JAWS is not your typical horror movie. Steven Spielberg spends much of the film holding back his watery menace, building tension masterfully with the innovation of the ominous yellow barrels marking the shark’s location. He also builds exquisite claustrophobia by contrasting the cramped environs of Quint’s boat, Orca, with the vast expanse of the ocean. In space no one can hear you scream but, in open water, no one can hear you being torn apart by a hungry fish.
The film’s most powerful moment of horror, though, is a good, old-fashioned jump scare.
The scene in question, which will no doubt haunt the memories of all Jaws fans, occurs with Richard Dreyfuss’s Hooper on a crusade to prove that a tiger shark hauled from the waters off Amity Island is not the beast responsible for the recent attacks. He proves his hypothesis when he cannot find any human remains within the captured shark’s stomach and he and Brody (Roy Scheider) subsequently find a sunken vessel when investigating the waters.
Hooper dives to explore the vessel and recovers the enormous tooth of a great white shark from its hull. As he examines the tooth, however, he is shocked by the sudden appearance of fisherman Ben Gardner’s dismembered head floating out of a hole in the boat. It’s a precision engineered jolt that provides a real, bowel-loosening scare.
Perhaps the most remarkable thing about this scene is that it never loses its power. In the same way that a joke is almost always less funny when you know the punchline, a jump scare seldom maintains the power to shock when you return to the film. That’s not the case with Spielberg’s work here. It’s as if some sort of movie trickery changes the timing on each viewing, so you’re always surprised.

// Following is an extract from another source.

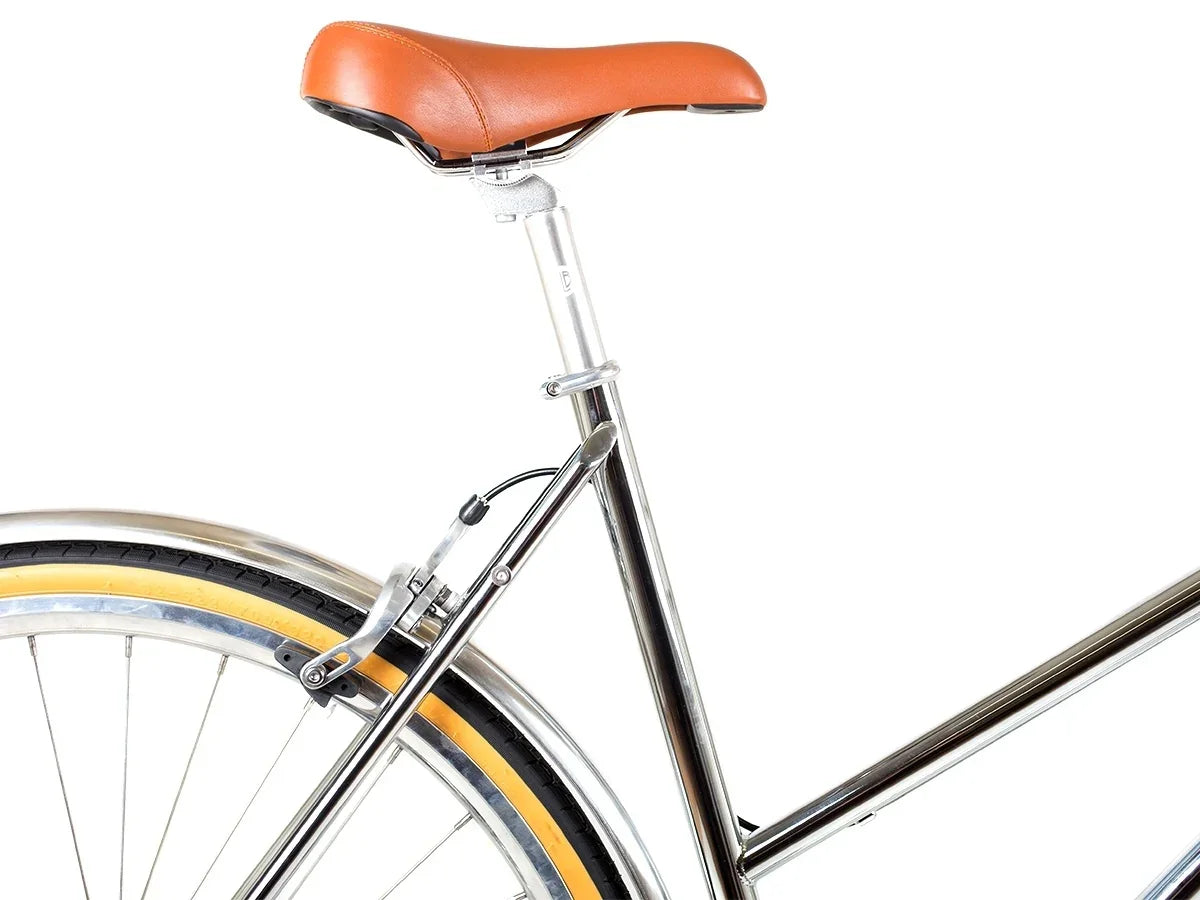 BLB Butterfly 8spd Town Bike - Chrome - Simple Bike Store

Remarkably, like so many of the best innovations in Jaws, the scene was pretty much done on the fly. After the film was test screened, Spielberg decided he wanted a little extra stank on this particular scene to get another big scream out of his audience. Universal refused to pay for the reshoots, so the director stumped up $3,000 out of his own pocket. It was a bold move from the young director, but one that would ultimately pay off.
The new version of the scene was shot in a swimming pool owned by editor Verna Fields in Encino, California - more than 3,000 miles, or 46 hours in a car, away from the original shooting location of Martha’s Vineyard, Massachusetts. Spielberg added powdered milk to the water to make it look murky and used a latex replica of actor Craig Kingsbury’s head. Those who freak out online when the latest mega-blockbuster undergoes reshoots should remember that one of the best moments in arguably the greatest film ever made was shot in a woman’s back garden, six months after principal photography wrapped.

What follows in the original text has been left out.